Once the replication group deployed in the cloud becomes hot enough, that is, the cache hit rate reaches at least 90%, you can point the master-slave cache servers in the cloud data center to this replication group, completing the migration.

This approach is simple enough, but there is a fatal flaw: If the requests from the cloud penetrate the replication group in the cloud and reach the main-slave cache deployed in the self-built data center, this process requires crossing dedicated lines.

Not only does it occupy a large amount of dedicated line bandwidth, but the latency of dedicated lines is much larger compared to cache reading time. Generally, even the latency between local data centers reaches 2ms-3ms. Therefore, a frontend request may access the cache dozens of times or even more. This will increase the delay by tens of milliseconds or even hundreds of milliseconds, greatly affecting the response time of the interface. Therefore, we rarely use this approach in actual projects.

However, this approach gives us an idea that allows us to automatically preheat the cache during system operation through the design of the solution. Therefore, we made some modifications to the replication group solution to minimize the occupation of dedicated line bandwidth.

Modifying the Replication Group Solution to Preheat the Cache #

The modified solution modifies the way of reading and writing the cache, with the following steps:

Deploy multiple replication groups of Memcached in the cloud. When the self-built data center receives a write request, it will first write it to the cache node in the self-built data center and then asynchronously write it to the Memcached nodes deployed in the cloud.
When processing read requests from the self-built data center, a certain amount of traffic, for example, 10%, will be directed to the cloud cache nodes first. Although this also involves penetrating back to the cache nodes in the self-built data center through dedicated lines, the traffic is controllable.
When the cache hit rate of the cloud cache nodes reaches over 90%, you can deploy application servers in the cloud and have them fully use the cloud cache nodes.

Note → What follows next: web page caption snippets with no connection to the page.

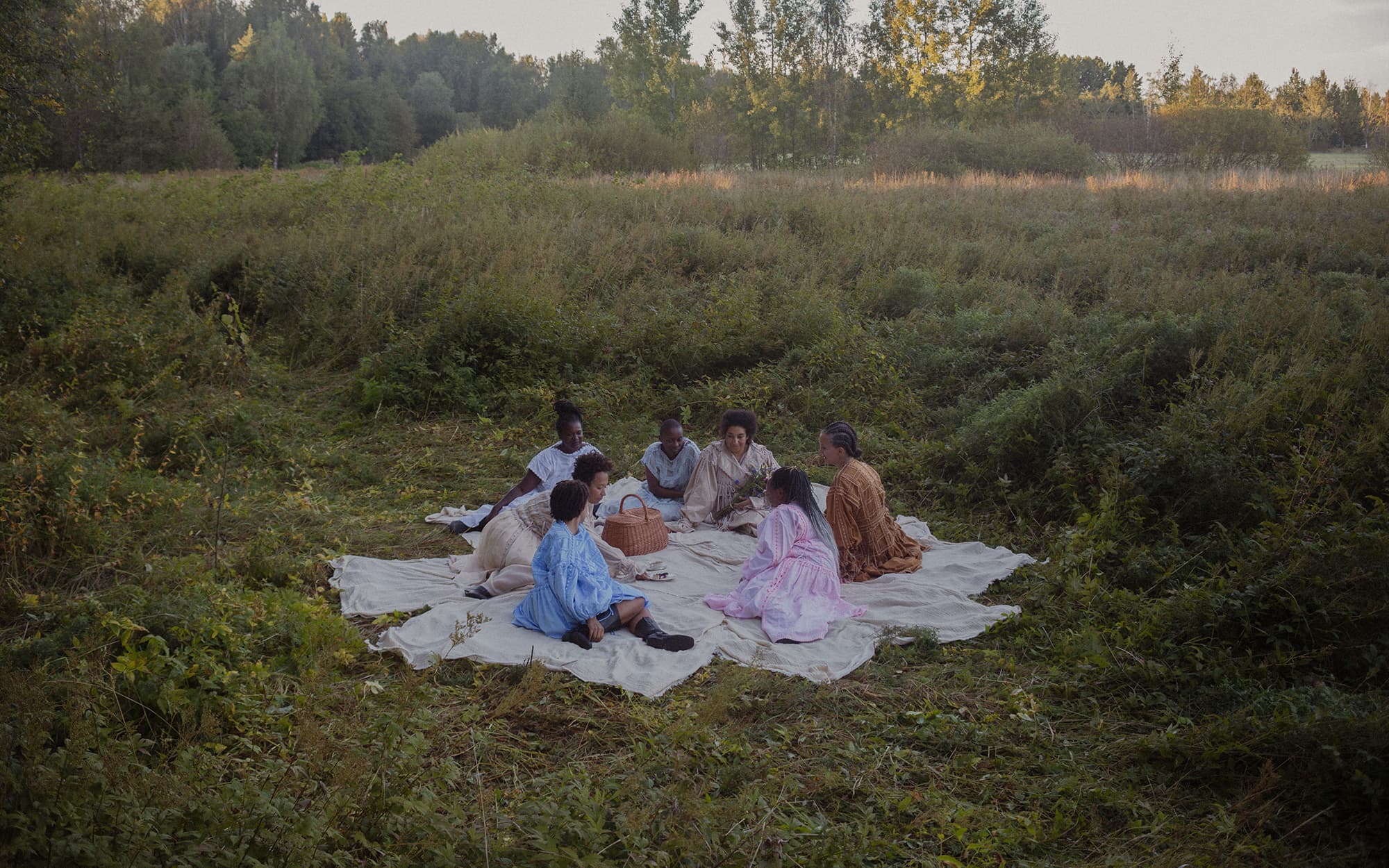 Women gathered together on some white tablecloths in the middle of a high-grass field for a picnic with a warm and calm atmosphere.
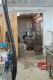 Milk crates, a motorbike, and cleaning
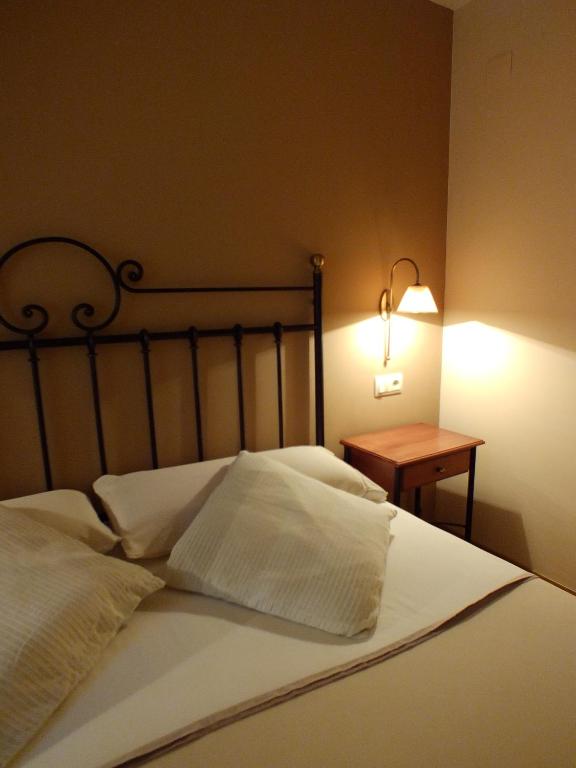 Postel nebo postele na pokoji v ubytování Hotel Areulo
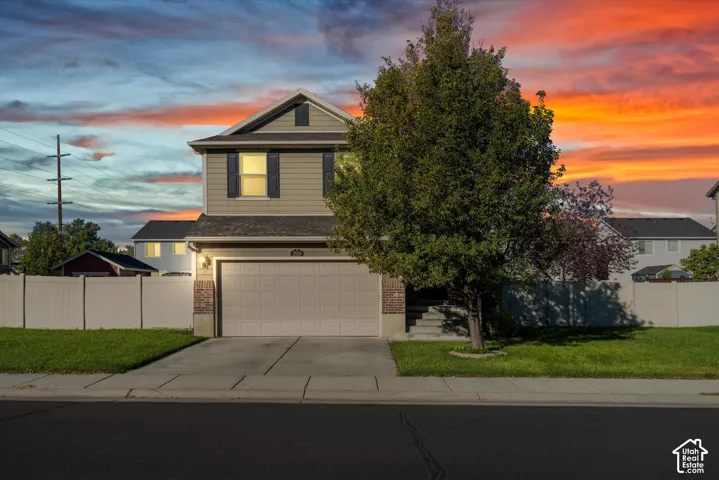 Two-story residence featuring horizontal siding, brick accents, an attached two-car garage, and a full-perimeter privacy fence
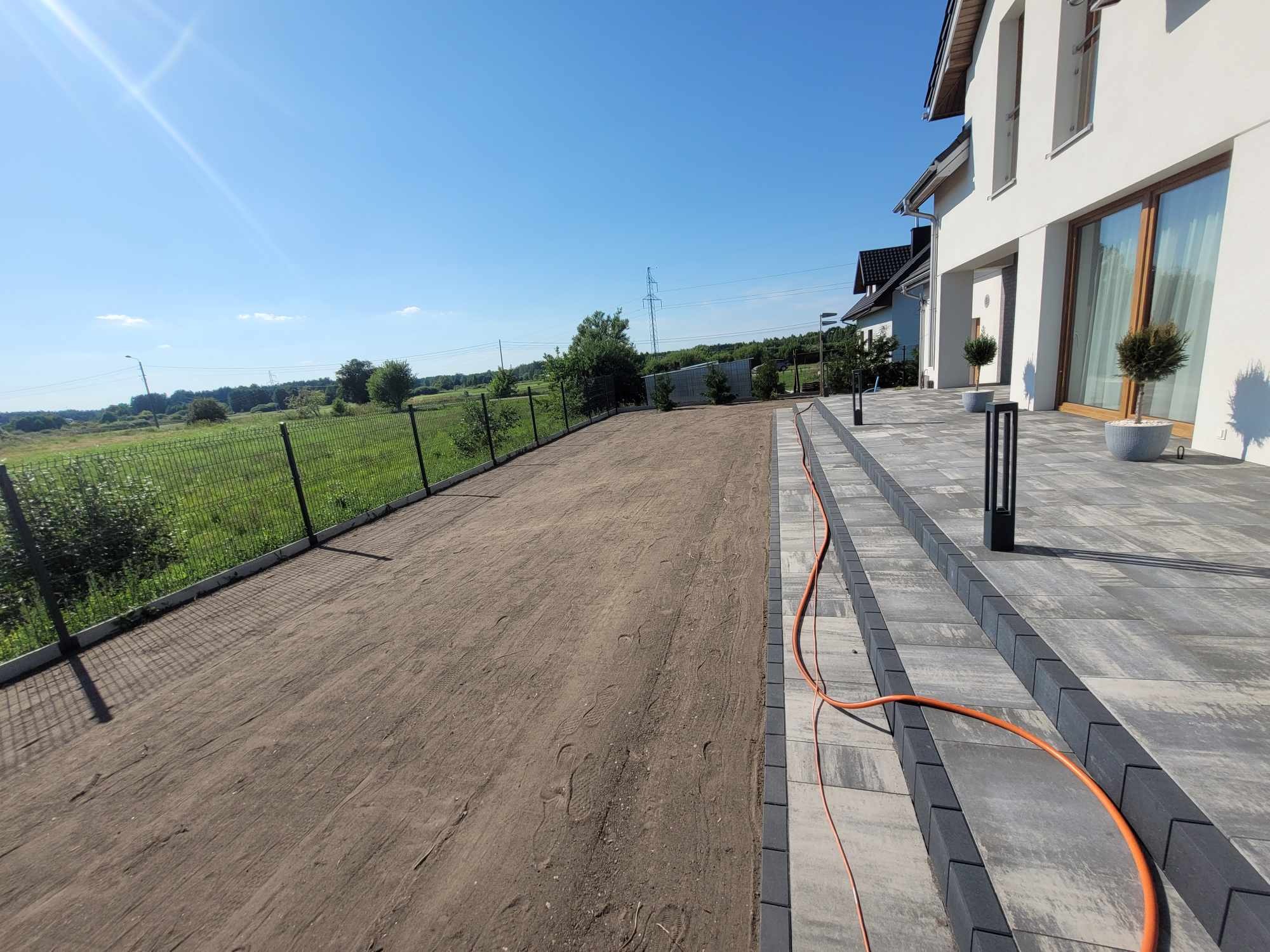 Przygotowany teren pod trawnik z rolki, widoczne ślady stóp, obrzeża z kostki, nowoczesny dom z szarym tarasem i lampami ogrodowymi, pomarańczowy przewód na tarasie, zielone pole za ogrodzeniem.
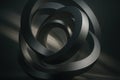 Interlocking black metal rings illuminated dramatically creating a complex sculptural form with deep shadows and modern artistic Royalty Free Stock Photo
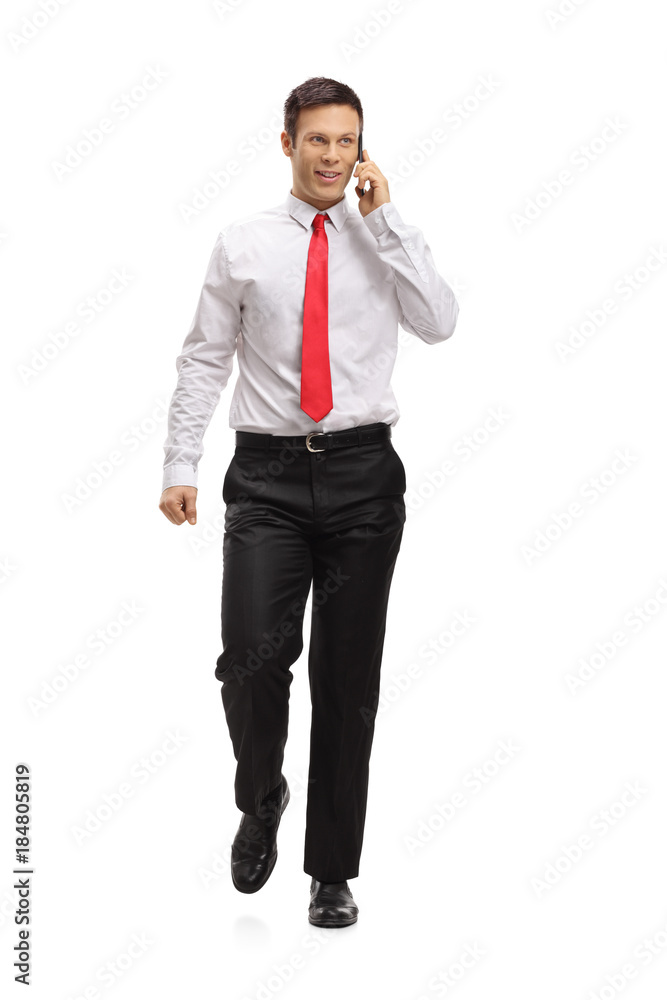 Elegant man walking and talking on a phone Elegant man walking and talking on a phone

Using this approach, we can achieve cache data migration and control the occupation of dedicated line bandwidth and request latency as much as possible. You can also use this approach directly in your own projects.

Summary of the Course #

The data migration solutions mentioned above are the ones I often use in practical projects and have been tested in actual combat. I hope that through this course, you can apply these solutions to your projects to solve practical problems. At the same time, I would like to emphasize the key points of this course again:

The dual-write solution is a common solution for database and Redis migration, and you can directly use it in your work. The most important aspect of the dual-write solution is to ensure data consistency through data validation, so that you can roll back at any time during the migration process.

If you need to migrate data from a self-built data center to the cloud, you can consider using the cascading replication solution. This solution will cause a temporary write stop, which should be executed during off-peak hours.

The focus of cache migration is to ensure the cache hit rate in the cloud. You can use an improved replica group method to migrate, where you asynchronously write data to the cloud replica group when writing to the cache. During reading, a small amount of traffic is sent to the cloud replica group. This way, you can migrate part of the data to the cloud replica group while minimizing the latency caused by the dedicated line delay to the self-built data center.

If you are the project leader, you must develop a thorough plan during the migration process. If it is a database migration, data validation should be the issue you spend the most time on resolving.

If you are migrating a self-built data center to the cloud, the bandwidth of the dedicated line will be a bottleneck during the migration process. You need to carefully review before the migration, which calls need to go through the dedicated line and how much bandwidth they occupy, and whether the bandwidth latency can meet the requirements. In your plan, you should also try to minimize the occupation of dedicated line bandwidth resources by the services, cache, and database calls within the same data center during the migration process.